I love this method of thinking, and I’ve been entranced with his proposed methods of practical education all day. Back in 1999, he brought a computer to a slum neighborhood in India and left the computer in a hole in a wall three feet off the ground. Some kids approached him and said, “What’s that?” They’d never seen a computer before, didn’t know the English that the system operated on.
He said, “It’s a computer.”
They said, “How do we use it?”
He said, “I don’t know. And now I’m leaving.” And he left.
A few months later, he returned and found that not only had the kids taught themselves how to use the computer perfectly, they’d also started teaching themselves English.
He did various experiments like this – giving kids technology and walking away – and found that a child on his or her own will play a game for hours. But children in groups won’t let one kid have all the fun – they’ll even out the time.

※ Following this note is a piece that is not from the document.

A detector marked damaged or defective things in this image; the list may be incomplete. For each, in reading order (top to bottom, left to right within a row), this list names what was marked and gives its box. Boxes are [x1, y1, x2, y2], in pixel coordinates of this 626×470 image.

Mitra said in the beginning when he’d thought of this approach, people questioned whether or not it was a good idea. “They’ll break the computer,” they said. “Or they’ll sell it.”
Mitra wasn’t as convinced. And sure enough, he has footage from cameras he set up all over the world in various locations where he’d left these computers-in-the-wall, and in all the footage, the computers and the kids were fine. In one, a little boy sat on his older sister’s shoulders and instructed her on how to use the mouse. In another, a little girl explains to boys on either side of her how neurons communicate (having learned this from the computer in English on her own).
One of my favorite stories he told was this: he took a computer way out into a rural village and set up the computer. Again, some kids asked what it was, and he explained, and when they asked how to use it, he said, “I have no idea,” and left with what I’m assuming was a cheerful smile and a wave. (He projects a very friendly, positive aura. Dude’s just extremely likable.)
When he returned some months later, they said to him, “We want a faster processor and a better mouse.”
This was all back in the late 1990s and early 2000s, but his research has continued since then. His ideas resonate with Sir Ken Robinson’s: children who are interested will learn. But Mitra goes one step further. He believes that rather than teachers doing the job on their own, children can teach each other. During one of his talks, he quoted another educator who said, “If computers can replace teachers, they should be replaced.”
He made an excellent point about the testing system. That in the real world, we’re often working with computers and in groups, yet our examinations are individual and only from memory.
The current education system is completely separate from the world we live in. The system is hundreds of years old, designed for a much different society of people, and it’s severely damaging to children in its worst cases. It crushes our natural hunger for knowledge and, as Mitra brought up at one point, the testing system instills fear in us. When fear takes hold, our brain shuts down because of primitive self-defense purposes, and that’s not exactly a welcome environment for learning.
The magic of these talks is that if we can change education, if we can give children admiration and encouragement and support rather than fear and reprimands and societal submission, they’ll flourish. All people deserve the chance to learn and, in particular, find the passions and talents that make life blissful.